Un documentaire sur le scénario n’aurait, je pense, intéressé que les professionnels du cinéma. Dans Le cours de la vie, je souhaitais toucher un public non-initié. Et le film a bien marché en salle ! La clé, c’est l’incarnation par les acteurs et le processus d’identification avec eux, qui passe par l’émotion.
J’ai bien entendu été voir en salle le film de Thierry Frémaux, sur les frères Lumière et leurs films restaurés. La manière dont les opérateurs Lumière cadrent et réussissent en un seul plan à raconter une histoire : tout est là. Ce que nous dit aussi Thierry Frémaux dans son documentaire, c’est que les films prennent un autre statut avec le temps, ils deviennent les témoins du passé. Le cinéma est habité par des fantômes. Thierry Frémaux préside à la fois l’Institut Louis Lumière à Lyon, dont la mission première est d’ordre patrimoniale, et le Festival de Cannes. Joindre le passé et le présent : c’est cela, le 7ème art.
Vous êtes donc également professeur et soucieux des rapports évolutifs entre cinéastes et spectateurs. "Anatomie du cinéma" est-il une continuité dans le travail de transmission ?

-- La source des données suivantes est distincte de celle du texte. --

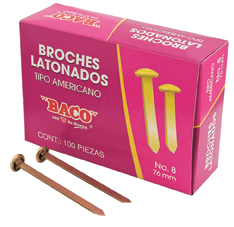 BROCHE LATONADO AMERICANO BACO BA-8 76 MM. CAJA CON 100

Je suis arrivé à l’enseignement du cinéma par hasard. C’est parce que le tournage de ce qui aurait dû être mon premier long métrage, avec Margaux Hemingway, s’est interrompu au bout de quatre jours… sur une décision de la production… que je me suis mis à écrire une thèse. C’est grâce à cette thèse que j’ai pu être nommé à l’université. Mais je n’ai jamais abandonné mon envie de faire des films. Et j’enseigne la pratique du cinéma. Je donne aussi des cours sur les liens entre création filmique et contraintes économiques. L’économie est passionnante à étudier quand on la met en perspective, quand on analyse des cas concrets. Cela fait maintenant plus de trente ans que j’enseigne à l’université. Dans « Anatomie du cinéma, ce qu’il faut savoir avant de se lancer », j’évoque aussi les enjeux sociétaux actuels. Grâce à mes étudiants, je suis à un poste d’observation privilégié pour comprendre les combats des nouvelles générations. La transmission va dans les deux sens.
Comment se place le cinéma français par rapport aux pays européens ?

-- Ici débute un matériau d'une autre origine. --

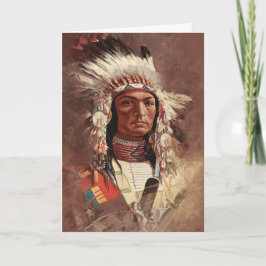 Hiawatha Native Indian Chief Porträtt Kort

Le cinéma français est parfois décrié mais il est autant, et sans doute davantage encore, envié. La France est le pays qui produit le plus grand nombre de longs métrages en Europe. C’est aussi le seul pays en Europe qui arrive plus ou moins à faire part égale en part de marché avec le cinéma américain, en salle, au niveau national. Mais cela ne doit pas empêcher de garder un esprit critique sur le système cinématographique hexagonal : réfléchir comment maintenir sa vitalité et une force d’inventivité. Cela tient tant aux femmes et aux hommes qui font le cinéma qu’à l’éco-système dans lequel ils et elles se meuvent. Dans « Anatomie du cinéma », il y a un chapitre sur le modèle cinématographique hexagonal et un autre sur les défis du cinéma européen. Je démontre la très grande faiblesse de la politique de la commission européenne dans le domaine. Le cinéma, c’est plus que le cinéma. Il ne peut y avoir d’Europe sans imaginaire commun et sans diversité culturelle. Or, le cinéma pourrait précisément être le vecteur de ce « soft power ».
Quelles sont vos 5 habitudes avant de commencer un projet cinématographique ?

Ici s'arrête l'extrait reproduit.